*Exercise objective*. From the records below, copy out each line that has the word "lzire".

### Input data ###

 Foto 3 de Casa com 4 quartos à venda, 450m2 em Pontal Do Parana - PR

###
### Input data ###

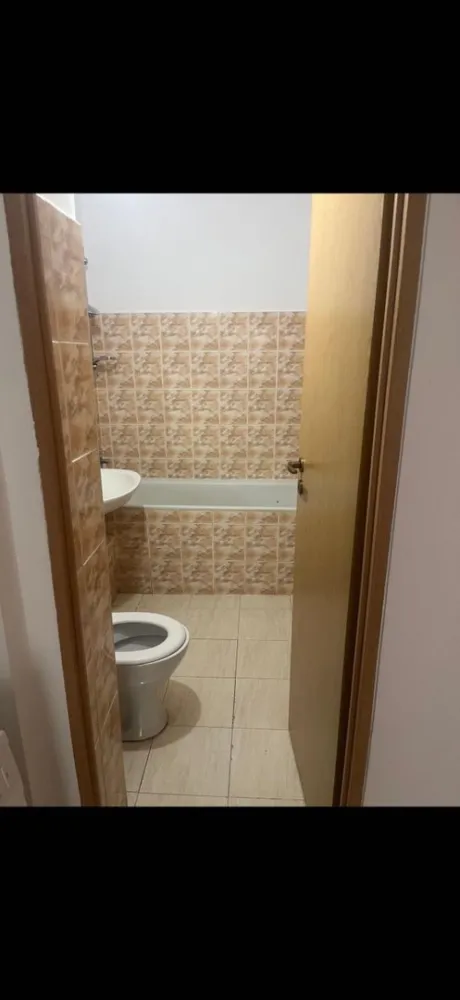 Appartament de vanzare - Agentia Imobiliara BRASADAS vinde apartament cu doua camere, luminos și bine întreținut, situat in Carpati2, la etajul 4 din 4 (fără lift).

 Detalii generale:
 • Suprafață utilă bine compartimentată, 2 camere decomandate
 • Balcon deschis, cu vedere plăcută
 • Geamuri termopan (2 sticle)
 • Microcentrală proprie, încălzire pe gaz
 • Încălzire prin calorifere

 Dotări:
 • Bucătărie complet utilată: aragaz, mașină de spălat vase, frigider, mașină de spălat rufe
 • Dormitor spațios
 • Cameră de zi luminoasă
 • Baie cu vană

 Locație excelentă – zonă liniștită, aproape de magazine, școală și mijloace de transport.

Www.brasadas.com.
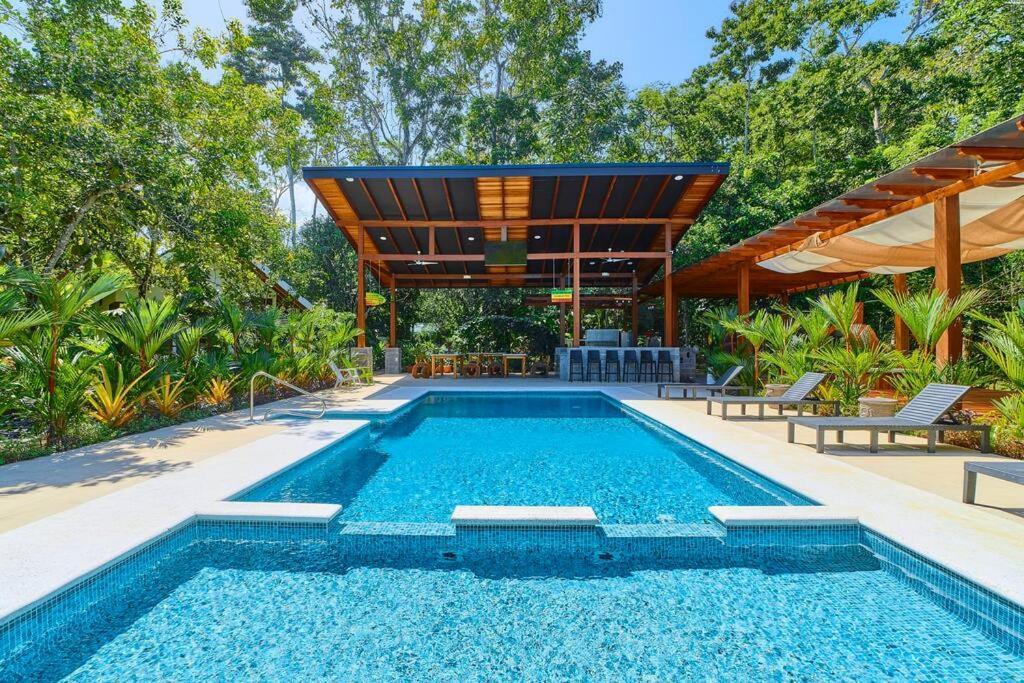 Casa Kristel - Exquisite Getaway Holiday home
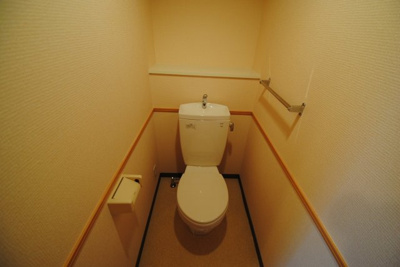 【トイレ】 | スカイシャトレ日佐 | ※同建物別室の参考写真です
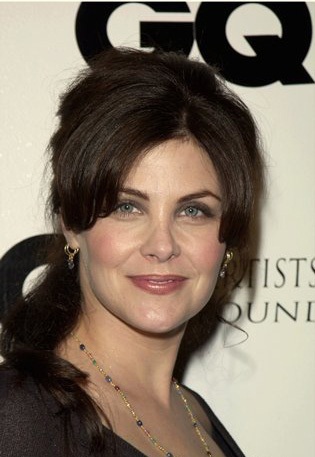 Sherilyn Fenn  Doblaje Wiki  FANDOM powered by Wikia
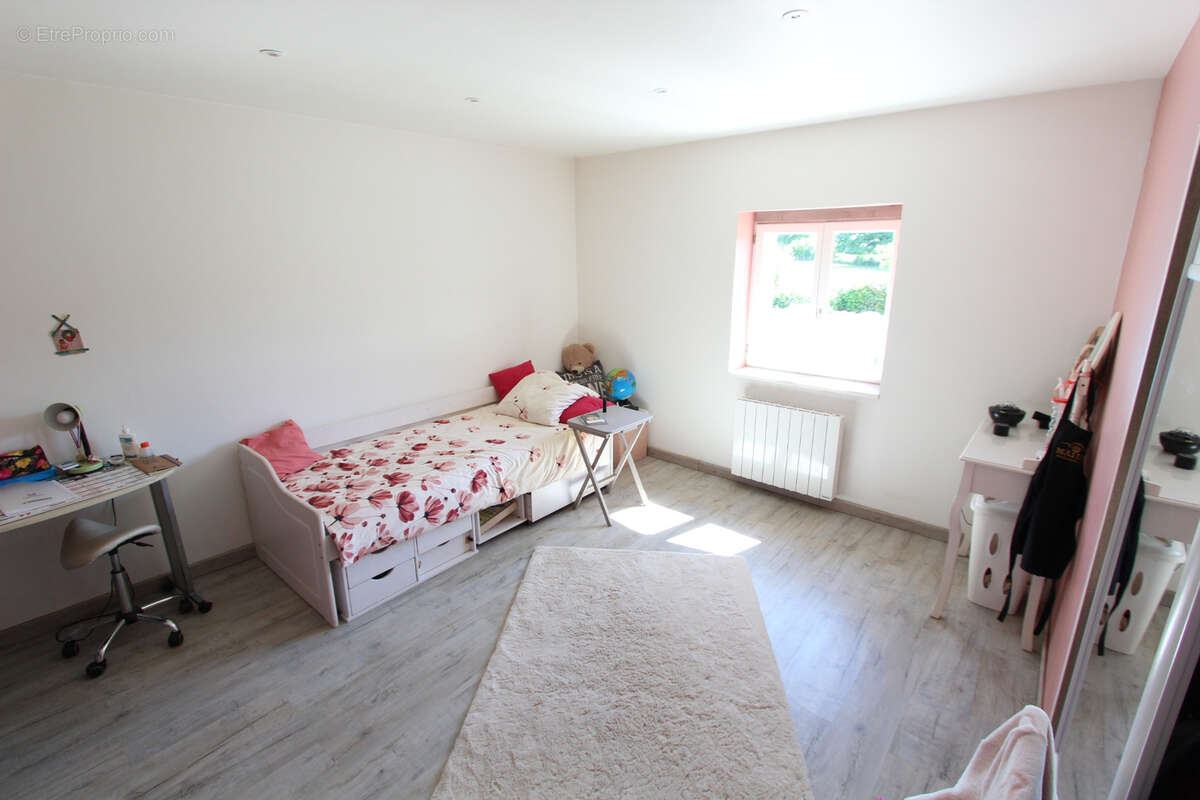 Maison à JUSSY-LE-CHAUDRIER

###

*Solution*.
 • Microcentrală proprie, încălzire pe gaz
 • Încălzire prin calorifere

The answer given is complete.